### WHAT YOU SHOULD DO
Print the lines below from the line with "Agave gypsicola photo 3" to the line with "aseel murgi murga for sale — photo 2" exactly, keeping both ends, and print no pictures.

* * * *

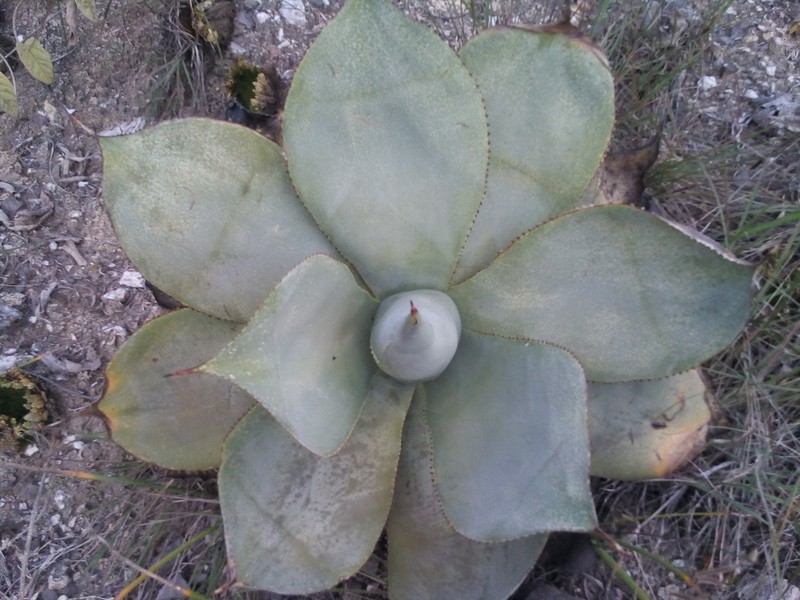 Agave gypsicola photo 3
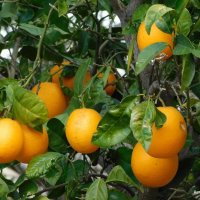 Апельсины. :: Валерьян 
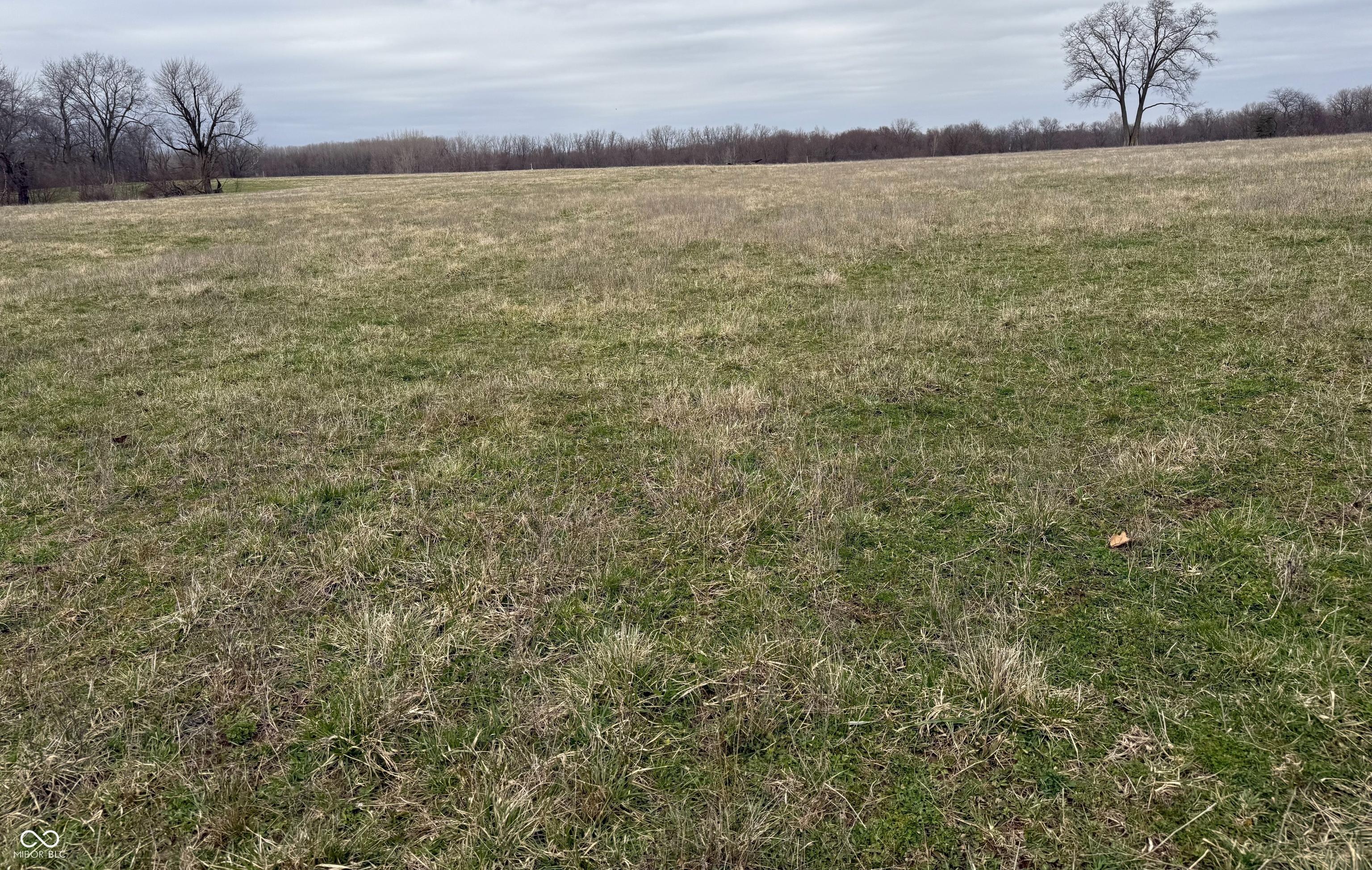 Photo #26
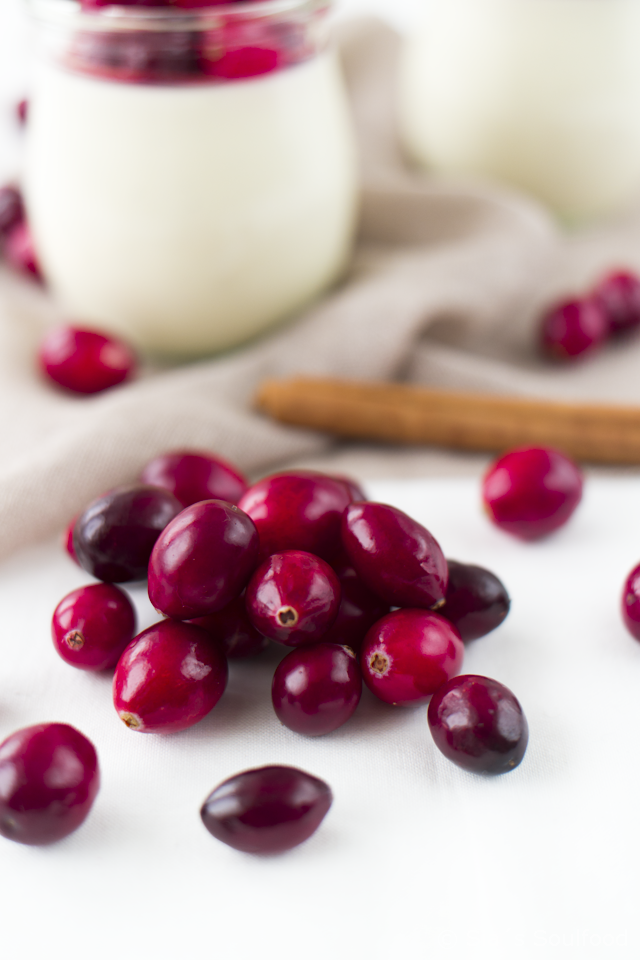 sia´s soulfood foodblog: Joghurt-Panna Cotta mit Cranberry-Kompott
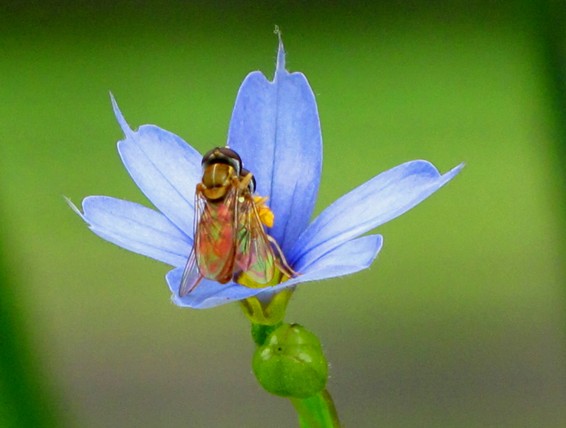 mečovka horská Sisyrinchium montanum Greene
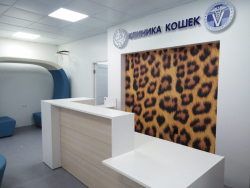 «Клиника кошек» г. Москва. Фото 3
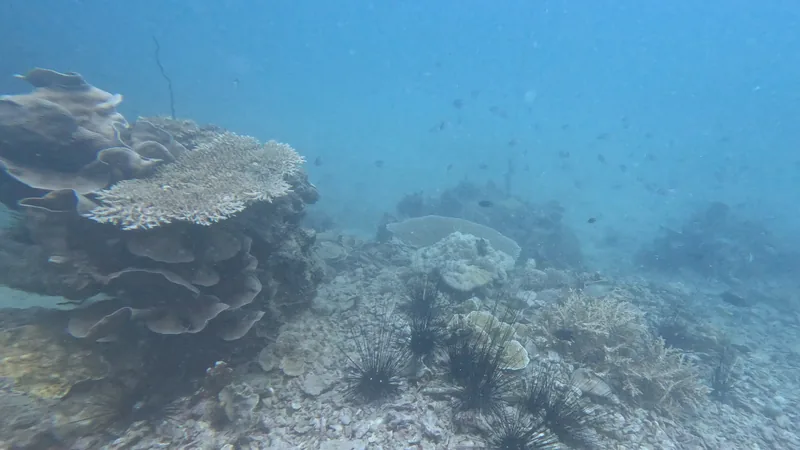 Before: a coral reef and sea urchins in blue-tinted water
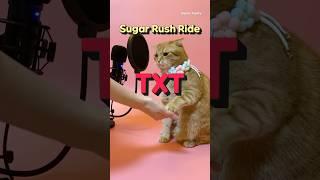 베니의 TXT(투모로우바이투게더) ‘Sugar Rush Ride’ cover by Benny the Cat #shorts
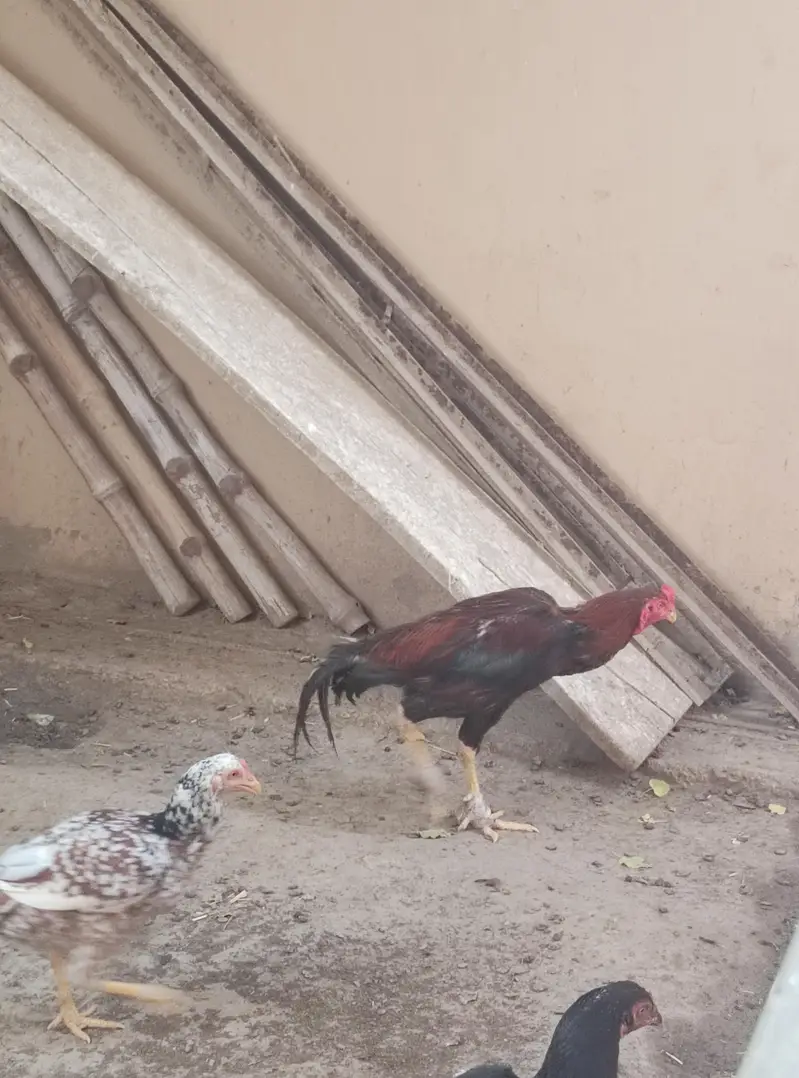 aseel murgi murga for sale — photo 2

* * * *

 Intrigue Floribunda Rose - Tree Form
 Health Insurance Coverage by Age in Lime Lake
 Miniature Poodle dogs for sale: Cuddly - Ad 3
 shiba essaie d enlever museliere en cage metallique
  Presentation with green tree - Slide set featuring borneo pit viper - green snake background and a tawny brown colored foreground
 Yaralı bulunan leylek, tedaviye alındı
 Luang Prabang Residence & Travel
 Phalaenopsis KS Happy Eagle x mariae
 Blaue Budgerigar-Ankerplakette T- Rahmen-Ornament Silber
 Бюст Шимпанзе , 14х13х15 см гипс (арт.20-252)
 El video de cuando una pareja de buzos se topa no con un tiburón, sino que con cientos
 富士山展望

* * * *

### EXERCISE SOLUTION
 Agave gypsicola photo 3
 Апельсины. :: Валерьян 
 Photo #26
 sia´s soulfood foodblog: Joghurt-Panna Cotta mit Cranberry-Kompott
 mečovka horská Sisyrinchium montanum Greene
 «Клиника кошек» г. Москва. Фото 3
 Before: a coral reef and sea urchins in blue-tinted water
 베니의 TXT(투모로우바이투게더) ‘Sugar Rush Ride’ cover by Benny the Cat #shorts
 aseel murgi murga for sale — photo 2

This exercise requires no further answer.